Bottom line for me is: For microcams range overlap between sizes beats nominal breaking load in many situations for real-life usage.
Thoughts?
|
|
Garry Reiss
·
Dec 9, 2020
·
Guelph, ON
· Joined Dec 2010
· Points: 6
I've yet to see a cam fail, it's always been the placements.
|
|
Sam Skovgaard
·
Dec 9, 2020
·
Port Angeles, WA
· Joined Oct 2017
· Points: 208
You're overthinking it. In actual practice these types of placements are so finicky to micro-contours in the rock that they kind of have to be perfect to be confidence-inspiring at all for holding a lead fall. You're asking a lot of an incredibly small contact surface of aluminum. I do aid climbing and frequently have 0.2 size cams fail to hold body weight on placements that are just a little bit off ideal. Don't choose your micro-cams based on rated breaking strength, pick them based on other things like how well they retract (all of them feel stiff to retract by virtue of simple geometry, but some are better than others) stem flexibility, sling type, etc. If you're looking to protect super thin stuff, I would recommend practicing with micro brass nuts. Those types of placements are just more reliable. I would take a well placed 5kN brass nut over a #0 cam any day.
|
|
greggrylls
·
Dec 9, 2020
·
Salt Lake City
· Joined Apr 2016
· Points: 276
Sam and Gary nailed it. Don't get caught up in the lab #s it's really not applicable to real rock. I used to get excited thinking about 6 vs 7kn etc. Then saw a video on forces falling + talked to a BD engineer talking about getting around 7-9 kn on small .1s. Pulling out is the concern. Place it well
|
|
Pete Zagorski
·
Dec 10, 2020
·
Fort Collins
· Joined Aug 2018
· Points: 405
Garry Reiss
wrote:
I've yet to see a cam fail, it's always been the placements. Do microcams have the same failure mode, cable at thumb loop, as larger cams when placed at 50% retraction? BD Break Test Edit: Found the answer The Z4 #0 failure mode is inverted lobes.
|
|
M S
·
Dec 10, 2020
·
Unknown Hometown
· Joined Dec 2020
· Points: 0
I'm well aware that there's a lot more to consider when it comes to real-life application and that there are more important factors. Nonetheless the mbs is a number that is more often referred to compared to range overlap when building a rack. To me having a more retracted microcam (more range left to being tipped out) is definitly safety-relevant, as the possibility that it stays put is higher if something crumbles a tiny bit under the high pressure.

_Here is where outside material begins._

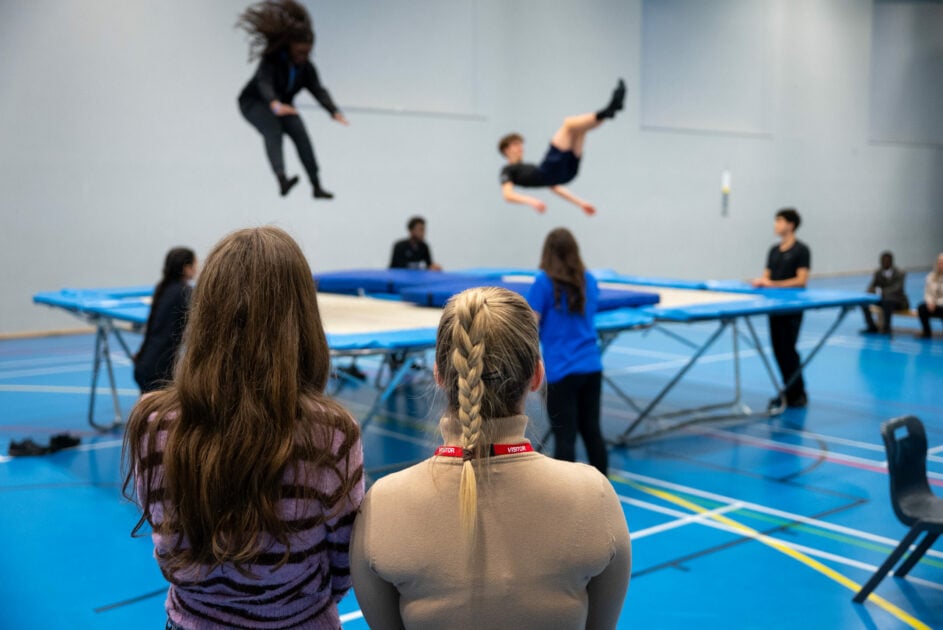 Two people looking at two DofE participants showing off their trampolining skills inside a sports hall.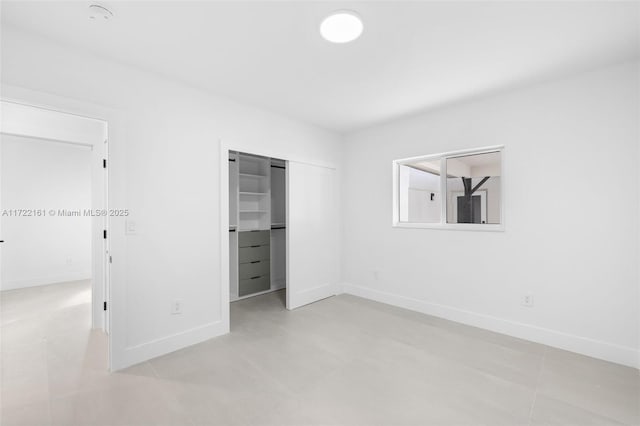 unfurnished bedroom featuring a closet and light tile patterned flooring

For the brass nuts I'm not really sure if they're truly superior for my situation. I'm placing gear almost exclusively in sandstone and over here flakes and parallel holes are far more common than good crack placements in that small sizes. My assumption is that the cam exerts less force on the rock, but on a smaller area, considering camming angle versus the angle of the nut faces, so I don't quite know what's gentler to the flake. But indeed there'll be placements that'll be more suitable to them.
|
|
Carolina
·
Dec 10, 2020
·
Front Range NC
· Joined Nov 2010
· Points: 20
From my limited experience the brass nuts must be well seated with plenty of contact, I have seen one brass micro nut, marginal placement, pull through the rock constriction as the brass deformed between the hard rock. In western sandstone, the rock could be more likely to break.
|
|
Sam Skovgaard
·
Dec 10, 2020
·
Port Angeles, WA
· Joined Oct 2017
· Points: 208
Yeah, brassies are less useful in sandstone; they work great in granite and basalt micro cracks.